### YOUR OBJECTIVE:
Write down exactly the lines of the records below, beginning with the first and ending with the line that includes "03.10.2026 - Köhlbrandbrückenlauf".

** Opening EXERCISE MATERIALS block **

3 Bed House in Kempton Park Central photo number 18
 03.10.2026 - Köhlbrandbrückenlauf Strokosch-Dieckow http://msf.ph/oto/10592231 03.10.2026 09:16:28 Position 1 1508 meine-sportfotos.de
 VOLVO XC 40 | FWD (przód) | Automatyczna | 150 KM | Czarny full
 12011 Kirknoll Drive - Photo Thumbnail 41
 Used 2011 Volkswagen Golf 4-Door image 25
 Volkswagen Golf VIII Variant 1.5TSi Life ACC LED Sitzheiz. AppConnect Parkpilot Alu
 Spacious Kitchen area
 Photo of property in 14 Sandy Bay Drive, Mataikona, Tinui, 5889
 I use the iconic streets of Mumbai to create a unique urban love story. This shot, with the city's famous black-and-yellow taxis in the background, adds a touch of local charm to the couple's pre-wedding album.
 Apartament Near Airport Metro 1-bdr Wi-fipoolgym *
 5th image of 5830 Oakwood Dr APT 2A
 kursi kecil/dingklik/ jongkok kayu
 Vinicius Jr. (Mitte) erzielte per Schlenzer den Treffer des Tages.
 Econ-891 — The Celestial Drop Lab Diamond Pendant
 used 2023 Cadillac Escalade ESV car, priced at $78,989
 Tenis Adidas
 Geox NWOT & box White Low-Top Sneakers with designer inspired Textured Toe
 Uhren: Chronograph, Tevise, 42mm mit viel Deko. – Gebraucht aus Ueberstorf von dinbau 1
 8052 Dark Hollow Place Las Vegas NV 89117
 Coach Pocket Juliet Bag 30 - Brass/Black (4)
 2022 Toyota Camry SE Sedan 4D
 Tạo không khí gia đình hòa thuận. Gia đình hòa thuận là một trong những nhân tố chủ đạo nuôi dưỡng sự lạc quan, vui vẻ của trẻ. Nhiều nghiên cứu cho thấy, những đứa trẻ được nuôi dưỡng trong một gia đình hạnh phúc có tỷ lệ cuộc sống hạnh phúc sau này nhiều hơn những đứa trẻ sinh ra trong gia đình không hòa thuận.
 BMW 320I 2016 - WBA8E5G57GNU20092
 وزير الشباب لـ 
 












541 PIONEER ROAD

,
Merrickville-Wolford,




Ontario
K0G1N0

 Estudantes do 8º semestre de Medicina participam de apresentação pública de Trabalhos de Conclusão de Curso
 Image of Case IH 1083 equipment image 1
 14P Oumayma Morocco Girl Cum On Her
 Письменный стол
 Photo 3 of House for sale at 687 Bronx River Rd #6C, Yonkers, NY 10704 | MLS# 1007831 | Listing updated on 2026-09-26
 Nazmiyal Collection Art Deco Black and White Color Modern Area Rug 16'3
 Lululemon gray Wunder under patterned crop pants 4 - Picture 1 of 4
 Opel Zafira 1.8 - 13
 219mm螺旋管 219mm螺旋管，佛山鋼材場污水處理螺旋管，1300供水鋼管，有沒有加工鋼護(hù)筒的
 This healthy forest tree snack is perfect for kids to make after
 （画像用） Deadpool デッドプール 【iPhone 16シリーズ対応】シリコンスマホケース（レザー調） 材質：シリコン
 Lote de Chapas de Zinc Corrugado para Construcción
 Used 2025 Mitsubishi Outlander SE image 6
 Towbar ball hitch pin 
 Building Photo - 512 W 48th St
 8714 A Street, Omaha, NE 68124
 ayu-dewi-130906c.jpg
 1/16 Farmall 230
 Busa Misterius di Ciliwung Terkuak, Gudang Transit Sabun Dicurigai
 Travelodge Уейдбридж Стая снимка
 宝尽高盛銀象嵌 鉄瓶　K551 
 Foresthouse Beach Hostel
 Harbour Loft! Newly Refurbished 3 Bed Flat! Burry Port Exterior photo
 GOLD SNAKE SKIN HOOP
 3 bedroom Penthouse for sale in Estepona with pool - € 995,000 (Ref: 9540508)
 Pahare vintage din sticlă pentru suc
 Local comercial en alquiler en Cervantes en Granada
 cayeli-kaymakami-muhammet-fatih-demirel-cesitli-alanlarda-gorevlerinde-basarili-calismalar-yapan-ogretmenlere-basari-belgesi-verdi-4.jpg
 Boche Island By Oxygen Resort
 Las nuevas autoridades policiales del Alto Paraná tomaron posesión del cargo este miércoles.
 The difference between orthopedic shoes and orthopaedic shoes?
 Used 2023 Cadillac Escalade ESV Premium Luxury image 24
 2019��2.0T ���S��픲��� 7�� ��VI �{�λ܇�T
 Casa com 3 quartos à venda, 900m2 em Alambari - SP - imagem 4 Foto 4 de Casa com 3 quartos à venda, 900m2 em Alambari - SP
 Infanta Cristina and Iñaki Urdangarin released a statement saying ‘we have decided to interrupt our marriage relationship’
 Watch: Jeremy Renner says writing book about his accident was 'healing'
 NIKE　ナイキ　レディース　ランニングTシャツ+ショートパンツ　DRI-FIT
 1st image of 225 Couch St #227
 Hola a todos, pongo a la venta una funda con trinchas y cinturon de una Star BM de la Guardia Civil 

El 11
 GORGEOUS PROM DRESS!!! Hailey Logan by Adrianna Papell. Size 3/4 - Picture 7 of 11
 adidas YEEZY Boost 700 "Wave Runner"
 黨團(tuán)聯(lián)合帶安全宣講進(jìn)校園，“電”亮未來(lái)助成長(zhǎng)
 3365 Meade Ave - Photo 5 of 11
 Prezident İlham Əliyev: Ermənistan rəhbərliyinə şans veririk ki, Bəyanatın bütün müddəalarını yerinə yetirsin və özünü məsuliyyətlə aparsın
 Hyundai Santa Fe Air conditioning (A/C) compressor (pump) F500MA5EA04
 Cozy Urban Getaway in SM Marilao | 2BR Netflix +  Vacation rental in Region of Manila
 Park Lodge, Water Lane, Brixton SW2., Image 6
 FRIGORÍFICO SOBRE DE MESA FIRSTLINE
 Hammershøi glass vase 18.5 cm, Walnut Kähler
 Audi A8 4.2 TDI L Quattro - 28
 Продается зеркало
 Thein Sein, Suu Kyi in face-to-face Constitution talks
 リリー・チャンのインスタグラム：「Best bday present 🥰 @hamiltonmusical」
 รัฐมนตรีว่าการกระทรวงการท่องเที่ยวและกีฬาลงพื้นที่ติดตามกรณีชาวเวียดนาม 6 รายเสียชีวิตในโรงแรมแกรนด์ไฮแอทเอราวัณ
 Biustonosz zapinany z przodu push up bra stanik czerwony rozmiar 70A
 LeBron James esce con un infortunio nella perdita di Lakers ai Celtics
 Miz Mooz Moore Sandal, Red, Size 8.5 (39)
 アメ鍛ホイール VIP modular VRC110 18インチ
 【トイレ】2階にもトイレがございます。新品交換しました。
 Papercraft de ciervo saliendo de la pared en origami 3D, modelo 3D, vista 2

** Closing EXERCISE MATERIALS block **

### TASK SOLUTION:
3 Bed House in Kempton Park Central photo number 18
 03.10.2026 - Köhlbrandbrückenlauf Strokosch-Dieckow http://msf.ph/oto/10592231 03.10.2026 09:16:28 Position 1 1508 meine-sportfotos.de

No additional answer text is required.